1 2 Previous Next 20 Replies Latest reply on Feb 26, 2014 8:18 AM by NickSousa

    CPU Ready Time

    xadamz23 Enthusiast

      I'm trying to understand why I am seeing high CPU ready time.  I have a host with 32 physical processors (no HT).  I have 8 VMs each with 4 vCPUs so a total of 32 vCPUs.  From time to time I see very high ready time on 2 or 3 VMs.  I've seen it up to 40% with esxtop.  But I am not overprovisioning vCPUs on this host at all.  I understand that the Hypervisor itself needs "some" CPU resources but I wouldnt think it would need so much to cause that high of ready time.

       

      Also I am not putting any limits on CPU either.

       

      Any ideas as to why I am seeing such a high ready time even though I am not oversubscribing CPUs?

        • 1. Re: CPU Ready Time
          mcowger Champion

          Things other than CPU overlap are included in RDY time.

           

          Poor storage performance can cause this....

          • 2. Re: CPU Ready Time
            lakey81 Enthusiast

            If you aren't on at least 5.0 Update 1 there was a bug with AMD processors (I'm assuming you have AMD procs since you said no HT) that did not properly balance VM's and could introduce rdy time even though you have more pCPUs than vCPUs.  Also in esxtop keep in mind unless you expand the VM you are looking at that 40% rdy time will be cumulative for your 4 vCPUs so that it's really probably about 10% per vCPU.

            • 3. Re: CPU Ready Time
              RParker Guru

              lakey81 wrote:

               

              If you aren't on at least 5.0 Update 1 there was a bug with AMD processors (I'm assuming you have AMD procs since you said no HT) that did not properly balance VM's

               

               

              I have AMD, I have HT, Windows will see logical processors as "hyper-threaded" regardless of manufacturer.. so I am curious why would you assume AMD?  AMD has the same capability.... as Intel.  Not a valid assumption.

               

              Maybe they simply "disabled" HT in the BIOS.

              • 4. Re: CPU Ready Time
                Gopinath Keerthyrajan Expert

                as mentioned by Matt - the ready time high value is not only due to CPU contention ..also if there is high disk latency.. then also it will appear..

                 

                so check the STORAGE section from the esxtop... and refer the http://communities.vmware.com/docs/DOC-9279 for more details..

                 

                disk latency can cause all mess..in the vsphere...

                 

                • "%WAIT"

                The percentage of time the world spent in wait state.

                 

                This  %WAIT is the total wait time.
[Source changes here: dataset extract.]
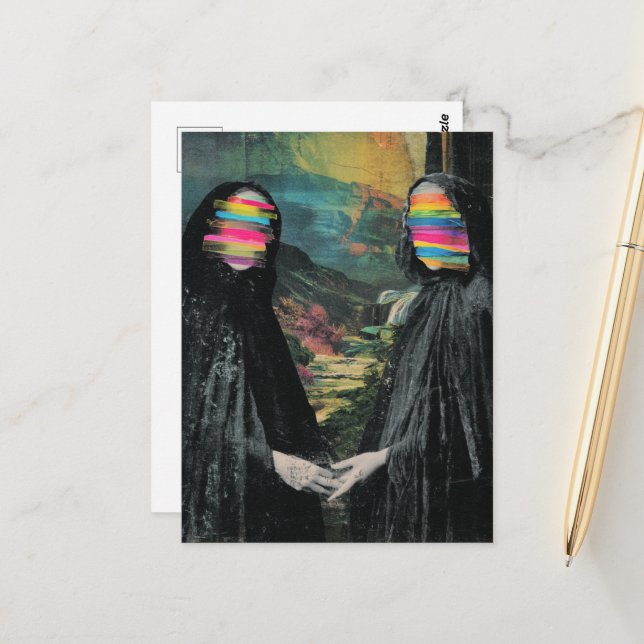 Postal Las mujeres con caras borrosas (Anverso/Reverso In Situ)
I.e., the world is waiting for some  VMKernel resource. This wait time includes I/O wait time, idle time and  among other resources. Idle time is presented as %IDLE.

                 

                +Q: How do I know the VCPU world is waiting for I/O events?+

                +A:  %WAIT - %IDLE can give you an estimate on how much CPU time is spent in  waiting I/O events. This is an estimate only, because the world may be  waiting for resources other than I/O.+ +Note that we should only do this  for VMM worlds, not the other kind of worlds. Because VMM worlds  represent the guest behavior the best. For disk I/O, another alternative  is to read the disk latency stats which we will explain in the disk  section.+

                 

                +Q: How do I know the VM group is waiting for I/O events?+

                +A:  For a VM, there are other worlds besides the VCPUs, such as a mks world  and a VMX world. Most of time, the other worlds are waiting for events.  So, you will see ~100% %WAIT for those worlds. If you want to know  whether the guest is waiting for I/O events, you'd better expand the  group and analyze the VCPU worlds as stated above.+

                 

                +Since  %IDLE makes no sense to the worlds other than VCPUs, we may use the  group stats to estimate the guest I/O wait by "%WAIT - %IDLE - 100% *  (NWLD - NVCPU)". Here, NWLD is the number of worlds in the group; NVCPU  is the number of VCPUs. This is a very rough estimate, due to two  reasons. (1) The world may be waiting for resources other than I/O. (2)  We assume the other assisting worlds are not active, which may not be  true.+

                • 5. Re: CPU Ready Time
                  xadamz23 Enthusiast

                  Well I can say we dont have the best san in the world but the good news is we are currently migrating to one that performs much better.  I have never read anything that said CPU RDY was anything but a VM waiting to be scheduled on a CPU though.

                   

                  I am on 5.0 U1 on AMD processors.

                   

                  My guess based on what you all have said is that it has to do with disk latency.  We do experience high disk latency at certain times throughout the day.  I learned something new today about RDY time so thanks for that. 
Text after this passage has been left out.